Sunday, December 13, 2020

'Tis the season for NOT firing a head coach

 After a brief hiatus involving moving, crime, and too many Zooms to count, the staff of 4338 is finally back on the job and ready for a December playoff push in Cleveland. You read that right, I think Browns fans can be pretty confident about playing some football in mid-January. (The nerds at 438 have Cleveland with a 92% to make the playoffs) The atmosphere in Cleveland must be a strange amalgam of anticipation, jubilation, and disorientation as well. (Feel free to insert any other word that ends in -tion) It’s been so long since we were in the playoffs (2002), that I genuinely think fans might be at a loss for what to think/feel. It definitely feels like we are getting away with something, that we’ve somehow perpetrated a scam on the NFL in some way. It’s so unfamiliar to be in a position to finish with 11 or 12 wins that I find myself surprised when it occurs to me this team could actually win a playoff game. (All the while I am sheepishly recalling I picked this team to go 8-8) As Cleveland fans, our attention is naturally drawn to the 8, and not the 92 in the playoff equation. I heard more than a few callers on Cleveland sports radio laying out doomsday scenarios, and I understand curbing your enthusiasm a bit until it is official that we’re in the playoffs. But let’s recognize that this coaching staff has made a titanic shift in the culture of this organization. Everybody from Baker Mayfield to the grounds crew show up on Sunday mornings expecting to win, not just hoping to keep it close. In a truly bizarre 2020, Kevin Stefanski and his unflappable demeanor provided a stability that this organization hasn’t seen in decades. Those things don’t point towards a late-season swoon, they point towards roaring into a first round playoff game ready to score some points against anybody, anywhere.

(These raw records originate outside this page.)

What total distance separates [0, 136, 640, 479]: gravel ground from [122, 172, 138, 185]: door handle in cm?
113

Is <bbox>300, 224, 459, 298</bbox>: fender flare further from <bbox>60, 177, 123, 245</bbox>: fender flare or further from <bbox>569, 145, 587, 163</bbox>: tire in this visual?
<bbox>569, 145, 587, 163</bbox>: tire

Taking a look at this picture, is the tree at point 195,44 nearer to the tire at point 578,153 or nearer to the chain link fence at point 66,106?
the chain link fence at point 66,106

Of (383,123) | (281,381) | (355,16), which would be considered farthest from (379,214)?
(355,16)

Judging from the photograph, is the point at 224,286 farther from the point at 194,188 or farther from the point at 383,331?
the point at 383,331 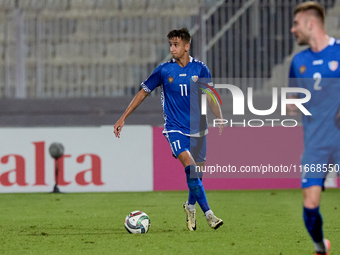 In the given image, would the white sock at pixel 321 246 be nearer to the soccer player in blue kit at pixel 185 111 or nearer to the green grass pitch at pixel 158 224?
the green grass pitch at pixel 158 224

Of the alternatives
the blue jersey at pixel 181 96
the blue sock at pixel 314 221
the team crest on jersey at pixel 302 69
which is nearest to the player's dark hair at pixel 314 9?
the team crest on jersey at pixel 302 69

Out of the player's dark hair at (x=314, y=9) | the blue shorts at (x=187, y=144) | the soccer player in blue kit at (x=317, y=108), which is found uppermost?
the player's dark hair at (x=314, y=9)

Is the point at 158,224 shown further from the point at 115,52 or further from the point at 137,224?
the point at 115,52

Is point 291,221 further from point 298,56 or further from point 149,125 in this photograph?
point 149,125

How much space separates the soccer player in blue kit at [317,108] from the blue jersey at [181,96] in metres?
2.09

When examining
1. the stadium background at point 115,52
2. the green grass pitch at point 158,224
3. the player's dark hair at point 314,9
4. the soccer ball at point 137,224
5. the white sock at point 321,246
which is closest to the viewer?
the player's dark hair at point 314,9

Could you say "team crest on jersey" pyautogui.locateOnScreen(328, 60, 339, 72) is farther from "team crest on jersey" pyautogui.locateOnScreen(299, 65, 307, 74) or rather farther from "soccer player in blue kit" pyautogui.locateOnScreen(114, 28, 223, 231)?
"soccer player in blue kit" pyautogui.locateOnScreen(114, 28, 223, 231)

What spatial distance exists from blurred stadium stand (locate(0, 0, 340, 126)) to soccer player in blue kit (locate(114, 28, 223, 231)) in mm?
4428

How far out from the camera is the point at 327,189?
994 cm

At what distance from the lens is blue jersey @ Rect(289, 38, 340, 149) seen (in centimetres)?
365

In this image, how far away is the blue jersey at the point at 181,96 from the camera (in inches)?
224

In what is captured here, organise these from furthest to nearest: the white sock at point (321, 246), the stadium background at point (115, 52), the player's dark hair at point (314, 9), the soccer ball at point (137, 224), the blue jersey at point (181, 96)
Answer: the stadium background at point (115, 52)
the blue jersey at point (181, 96)
the soccer ball at point (137, 224)
the white sock at point (321, 246)
the player's dark hair at point (314, 9)

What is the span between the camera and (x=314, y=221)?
3662mm

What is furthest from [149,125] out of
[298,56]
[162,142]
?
[298,56] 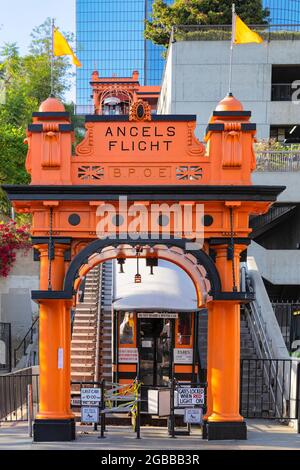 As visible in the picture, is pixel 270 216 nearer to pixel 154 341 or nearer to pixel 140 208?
pixel 154 341

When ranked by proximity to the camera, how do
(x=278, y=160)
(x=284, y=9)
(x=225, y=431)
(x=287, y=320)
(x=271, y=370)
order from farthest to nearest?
(x=284, y=9) → (x=278, y=160) → (x=287, y=320) → (x=271, y=370) → (x=225, y=431)

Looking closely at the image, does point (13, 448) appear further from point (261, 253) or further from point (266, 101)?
point (266, 101)

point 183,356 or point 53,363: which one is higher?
point 53,363

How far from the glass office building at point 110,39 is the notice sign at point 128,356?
119 m

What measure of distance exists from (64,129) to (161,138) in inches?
73.2

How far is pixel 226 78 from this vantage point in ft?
95.9

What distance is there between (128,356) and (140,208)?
4.72 meters

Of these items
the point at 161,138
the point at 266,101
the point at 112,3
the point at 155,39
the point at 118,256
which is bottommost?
the point at 118,256

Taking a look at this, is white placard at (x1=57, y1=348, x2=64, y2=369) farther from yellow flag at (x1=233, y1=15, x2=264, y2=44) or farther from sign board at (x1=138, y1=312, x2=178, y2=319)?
yellow flag at (x1=233, y1=15, x2=264, y2=44)

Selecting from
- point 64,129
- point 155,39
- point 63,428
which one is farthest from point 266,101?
point 63,428

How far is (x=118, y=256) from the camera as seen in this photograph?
1383 centimetres

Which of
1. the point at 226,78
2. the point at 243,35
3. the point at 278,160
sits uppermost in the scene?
the point at 226,78

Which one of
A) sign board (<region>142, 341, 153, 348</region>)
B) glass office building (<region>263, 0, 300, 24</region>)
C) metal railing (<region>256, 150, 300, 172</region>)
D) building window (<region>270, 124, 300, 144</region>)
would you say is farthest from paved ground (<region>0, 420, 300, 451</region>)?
glass office building (<region>263, 0, 300, 24</region>)

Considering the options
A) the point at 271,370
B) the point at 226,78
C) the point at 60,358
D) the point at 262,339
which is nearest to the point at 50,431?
the point at 60,358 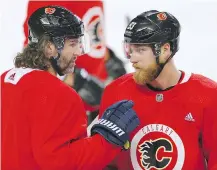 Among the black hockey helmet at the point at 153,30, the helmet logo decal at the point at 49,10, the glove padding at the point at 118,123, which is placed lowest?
the glove padding at the point at 118,123

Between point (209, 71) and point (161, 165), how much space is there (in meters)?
2.01

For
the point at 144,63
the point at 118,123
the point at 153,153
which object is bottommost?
the point at 153,153

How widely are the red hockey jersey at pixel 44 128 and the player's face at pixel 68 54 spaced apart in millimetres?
100

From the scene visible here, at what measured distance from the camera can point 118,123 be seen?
2.40 metres

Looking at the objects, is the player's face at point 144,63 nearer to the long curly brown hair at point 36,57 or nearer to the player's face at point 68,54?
the player's face at point 68,54

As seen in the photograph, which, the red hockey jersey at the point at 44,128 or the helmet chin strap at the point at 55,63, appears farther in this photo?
the helmet chin strap at the point at 55,63

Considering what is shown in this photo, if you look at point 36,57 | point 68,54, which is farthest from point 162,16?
point 36,57

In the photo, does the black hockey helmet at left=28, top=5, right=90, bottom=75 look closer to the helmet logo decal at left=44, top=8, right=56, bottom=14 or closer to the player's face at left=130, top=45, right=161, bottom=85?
the helmet logo decal at left=44, top=8, right=56, bottom=14

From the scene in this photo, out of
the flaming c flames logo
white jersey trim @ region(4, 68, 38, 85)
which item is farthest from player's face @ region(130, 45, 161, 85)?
white jersey trim @ region(4, 68, 38, 85)

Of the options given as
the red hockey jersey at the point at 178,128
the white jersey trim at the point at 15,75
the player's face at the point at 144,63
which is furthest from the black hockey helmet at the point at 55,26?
the red hockey jersey at the point at 178,128

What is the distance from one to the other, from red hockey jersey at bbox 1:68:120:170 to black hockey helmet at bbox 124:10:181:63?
31 centimetres

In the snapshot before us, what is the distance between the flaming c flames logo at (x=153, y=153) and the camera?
8.24 ft

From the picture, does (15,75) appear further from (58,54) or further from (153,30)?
(153,30)

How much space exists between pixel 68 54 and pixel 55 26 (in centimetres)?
12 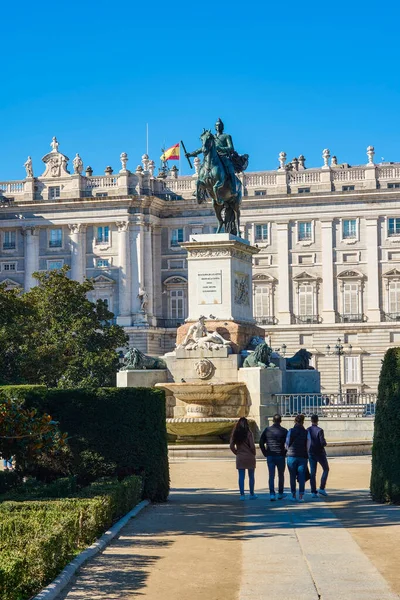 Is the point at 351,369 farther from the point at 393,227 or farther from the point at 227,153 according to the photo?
the point at 227,153

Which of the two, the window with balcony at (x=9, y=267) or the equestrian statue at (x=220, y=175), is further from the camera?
the window with balcony at (x=9, y=267)

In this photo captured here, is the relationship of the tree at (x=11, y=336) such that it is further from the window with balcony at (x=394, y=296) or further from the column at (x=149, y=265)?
the window with balcony at (x=394, y=296)

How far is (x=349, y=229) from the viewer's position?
104 m

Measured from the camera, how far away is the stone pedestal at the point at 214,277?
3431cm

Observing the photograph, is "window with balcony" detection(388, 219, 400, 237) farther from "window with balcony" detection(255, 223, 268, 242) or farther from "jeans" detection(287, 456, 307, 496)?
"jeans" detection(287, 456, 307, 496)

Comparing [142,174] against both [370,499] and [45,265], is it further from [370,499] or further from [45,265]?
[370,499]

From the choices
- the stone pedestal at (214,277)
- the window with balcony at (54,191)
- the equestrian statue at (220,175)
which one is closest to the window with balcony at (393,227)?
the window with balcony at (54,191)

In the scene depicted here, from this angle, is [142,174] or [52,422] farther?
[142,174]

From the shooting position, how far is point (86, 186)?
109 m

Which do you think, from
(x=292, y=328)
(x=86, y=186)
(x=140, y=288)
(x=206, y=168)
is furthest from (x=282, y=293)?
(x=206, y=168)

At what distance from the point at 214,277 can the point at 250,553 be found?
20242mm

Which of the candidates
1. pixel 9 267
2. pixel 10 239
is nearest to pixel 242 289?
pixel 9 267

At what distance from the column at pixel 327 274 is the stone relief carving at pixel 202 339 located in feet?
225

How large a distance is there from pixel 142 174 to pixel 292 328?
61.7ft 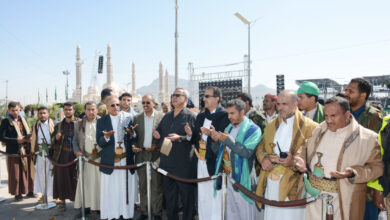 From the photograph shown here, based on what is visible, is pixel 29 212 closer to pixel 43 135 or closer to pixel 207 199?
pixel 43 135

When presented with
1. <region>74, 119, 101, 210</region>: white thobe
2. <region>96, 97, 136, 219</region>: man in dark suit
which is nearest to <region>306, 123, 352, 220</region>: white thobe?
<region>96, 97, 136, 219</region>: man in dark suit

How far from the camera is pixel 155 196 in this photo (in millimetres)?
4449

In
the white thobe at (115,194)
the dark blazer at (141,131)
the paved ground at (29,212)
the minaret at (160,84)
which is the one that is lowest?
the paved ground at (29,212)

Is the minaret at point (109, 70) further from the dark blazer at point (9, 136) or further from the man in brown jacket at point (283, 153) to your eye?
the man in brown jacket at point (283, 153)

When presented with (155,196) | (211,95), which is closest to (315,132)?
(211,95)

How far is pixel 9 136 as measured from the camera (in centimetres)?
575

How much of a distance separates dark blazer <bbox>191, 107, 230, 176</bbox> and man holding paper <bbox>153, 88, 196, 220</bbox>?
4.5 inches

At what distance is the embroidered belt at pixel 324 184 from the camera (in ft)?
8.68

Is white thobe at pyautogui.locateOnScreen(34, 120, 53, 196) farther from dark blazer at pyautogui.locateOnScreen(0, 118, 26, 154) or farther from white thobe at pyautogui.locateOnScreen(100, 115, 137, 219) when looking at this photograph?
white thobe at pyautogui.locateOnScreen(100, 115, 137, 219)

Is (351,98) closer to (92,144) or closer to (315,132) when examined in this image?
(315,132)

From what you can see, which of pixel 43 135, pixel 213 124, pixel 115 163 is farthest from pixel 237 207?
pixel 43 135

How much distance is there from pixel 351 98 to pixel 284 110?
1029 millimetres

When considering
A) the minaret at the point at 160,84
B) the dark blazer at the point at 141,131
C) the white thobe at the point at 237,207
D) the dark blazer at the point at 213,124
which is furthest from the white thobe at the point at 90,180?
the minaret at the point at 160,84

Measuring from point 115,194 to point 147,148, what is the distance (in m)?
0.89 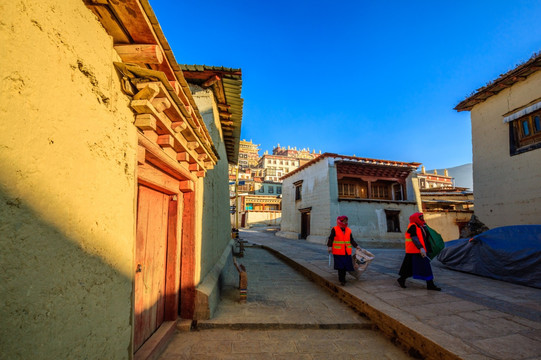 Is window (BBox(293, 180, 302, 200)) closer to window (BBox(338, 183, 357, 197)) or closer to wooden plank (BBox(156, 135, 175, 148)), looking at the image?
window (BBox(338, 183, 357, 197))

Regardless, there are a few things to be mentioned from the past few weeks. The Browns beat a listless Texans team 10-7 in horrible weather in Cleveland, and there literally isn’t a single highlight worth mentioning. (In terms of watchability, this game was right up there with the thrilling 6-3 win over the Bills in 2009, widely regarded as one of the worst football games ever played.) It was difficult to watch the Texans game, and even more difficult to watch the highlight reel after; I found my attention drifting towards more interesting things like mold growing on an old cup of coffee, or a youtube video on bookbinding practices of Victorian England. Exactly one week later, against the Philadelphia Eagles, Sione Takitaki got the party started with a pick 6* and it turns out they needed all six of those points to eke out a 22-17 victory in yet again torrential rain and wind. My disdain for Philadelphia, their criminally insane fans, cheesesteaks, and even the Liberty Bell is well-documented, so I will not wax poetic about what a dump that city really is. This win moved us to 7-3, and even the most grizzled, jaded Browns fans started thinking about playoff possibilities. Week 12 saw the Browns traveling to Jacksonville Florida, a place where Applebee’s accounts for 85% of the cultural opportunities and it’s buy one get one free on scabies treatments at your local Walgreens. The Browns managed to barely beat a winless team 27-25 in a game that was dominated by Nick Chubb and Jarvis Landry playing as if they were in a hurry to get a win, and leave that state. The win was important for sure, but perhaps pales in comparison to managing to return from the state of Florida without any facial tattoos, COVID, or a crystal meth problem.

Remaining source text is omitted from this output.